[Items from a data source]
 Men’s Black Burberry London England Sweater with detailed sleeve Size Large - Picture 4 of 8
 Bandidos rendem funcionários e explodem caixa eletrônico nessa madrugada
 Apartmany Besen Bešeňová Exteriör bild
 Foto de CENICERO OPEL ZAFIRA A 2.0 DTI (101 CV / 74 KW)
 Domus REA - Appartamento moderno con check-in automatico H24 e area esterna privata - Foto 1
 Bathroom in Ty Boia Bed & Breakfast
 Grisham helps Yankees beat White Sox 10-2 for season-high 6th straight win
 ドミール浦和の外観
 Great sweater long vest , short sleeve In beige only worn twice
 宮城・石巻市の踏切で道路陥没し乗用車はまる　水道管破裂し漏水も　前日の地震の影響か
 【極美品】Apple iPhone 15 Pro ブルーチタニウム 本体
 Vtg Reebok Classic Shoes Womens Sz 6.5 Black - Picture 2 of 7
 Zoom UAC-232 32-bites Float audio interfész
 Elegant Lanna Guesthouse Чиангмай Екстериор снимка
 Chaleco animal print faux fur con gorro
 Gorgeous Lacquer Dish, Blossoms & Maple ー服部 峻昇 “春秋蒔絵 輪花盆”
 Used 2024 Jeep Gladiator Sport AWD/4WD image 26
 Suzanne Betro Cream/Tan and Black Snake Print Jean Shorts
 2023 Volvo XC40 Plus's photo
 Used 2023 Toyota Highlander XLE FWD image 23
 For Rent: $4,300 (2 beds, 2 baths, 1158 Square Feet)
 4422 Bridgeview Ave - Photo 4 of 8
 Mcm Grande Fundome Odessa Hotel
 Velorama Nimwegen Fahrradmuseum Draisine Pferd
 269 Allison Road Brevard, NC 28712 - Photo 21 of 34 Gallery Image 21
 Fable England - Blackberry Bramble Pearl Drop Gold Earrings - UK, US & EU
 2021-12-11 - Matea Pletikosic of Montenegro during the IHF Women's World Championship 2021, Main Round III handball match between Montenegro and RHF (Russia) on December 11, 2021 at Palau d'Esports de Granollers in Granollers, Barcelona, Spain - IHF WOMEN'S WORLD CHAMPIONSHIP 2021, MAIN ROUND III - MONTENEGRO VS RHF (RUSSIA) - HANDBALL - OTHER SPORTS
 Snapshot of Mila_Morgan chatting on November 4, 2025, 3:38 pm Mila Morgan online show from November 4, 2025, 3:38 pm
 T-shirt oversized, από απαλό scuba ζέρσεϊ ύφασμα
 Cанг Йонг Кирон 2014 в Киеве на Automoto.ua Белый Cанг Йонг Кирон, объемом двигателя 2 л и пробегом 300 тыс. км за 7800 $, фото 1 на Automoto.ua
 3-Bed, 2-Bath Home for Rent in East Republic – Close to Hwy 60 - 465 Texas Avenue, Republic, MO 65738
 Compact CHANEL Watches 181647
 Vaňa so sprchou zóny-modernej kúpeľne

> Problem details:
For this exercise, restate every record word for word.

> Exercise solution:
 Men’s Black Burberry London England Sweater with detailed sleeve Size Large - Picture 4 of 8
 Bandidos rendem funcionários e explodem caixa eletrônico nessa madrugada
 Apartmany Besen Bešeňová Exteriör bild
 Foto de CENICERO OPEL ZAFIRA A 2.0 DTI (101 CV / 74 KW)
 Domus REA - Appartamento moderno con check-in automatico H24 e area esterna privata - Foto 1
 Bathroom in Ty Boia Bed & Breakfast
 Grisham helps Yankees beat White Sox 10-2 for season-high 6th straight win
 ドミール浦和の外観
 Great sweater long vest , short sleeve In beige only worn twice
 宮城・石巻市の踏切で道路陥没し乗用車はまる　水道管破裂し漏水も　前日の地震の影響か
 【極美品】Apple iPhone 15 Pro ブルーチタニウム 本体
 Vtg Reebok Classic Shoes Womens Sz 6.5 Black - Picture 2 of 7
 Zoom UAC-232 32-bites Float audio interfész
 Elegant Lanna Guesthouse Чиангмай Екстериор снимка
 Chaleco animal print faux fur con gorro
 Gorgeous Lacquer Dish, Blossoms & Maple ー服部 峻昇 “春秋蒔絵 輪花盆”
 Used 2024 Jeep Gladiator Sport AWD/4WD image 26
 Suzanne Betro Cream/Tan and Black Snake Print Jean Shorts
 2023 Volvo XC40 Plus's photo
 Used 2023 Toyota Highlander XLE FWD image 23
 For Rent: $4,300 (2 beds, 2 baths, 1158 Square Feet)
 4422 Bridgeview Ave - Photo 4 of 8
 Mcm Grande Fundome Odessa Hotel
 Velorama Nimwegen Fahrradmuseum Draisine Pferd
 269 Allison Road Brevard, NC 28712 - Photo 21 of 34 Gallery Image 21
 Fable England - Blackberry Bramble Pearl Drop Gold Earrings - UK, US & EU
 2021-12-11 - Matea Pletikosic of Montenegro during the IHF Women's World Championship 2021, Main Round III handball match between Montenegro and RHF (Russia) on December 11, 2021 at Palau d'Esports de Granollers in Granollers, Barcelona, Spain - IHF WOMEN'S WORLD CHAMPIONSHIP 2021, MAIN ROUND III - MONTENEGRO VS RHF (RUSSIA) - HANDBALL - OTHER SPORTS
 Snapshot of Mila_Morgan chatting on November 4, 2025, 3:38 pm Mila Morgan online show from November 4, 2025, 3:38 pm
 T-shirt oversized, από απαλό scuba ζέρσεϊ ύφασμα
 Cанг Йонг Кирон 2014 в Киеве на Automoto.ua Белый Cанг Йонг Кирон, объемом двигателя 2 л и пробегом 300 тыс. км за 7800 $, фото 1 на Automoto.ua
 3-Bed, 2-Bath Home for Rent in East Republic – Close to Hwy 60 - 465 Texas Avenue, Republic, MO 65738
 Compact CHANEL Watches 181647
 Vaňa so sprchou zóny-modernej kúpeľne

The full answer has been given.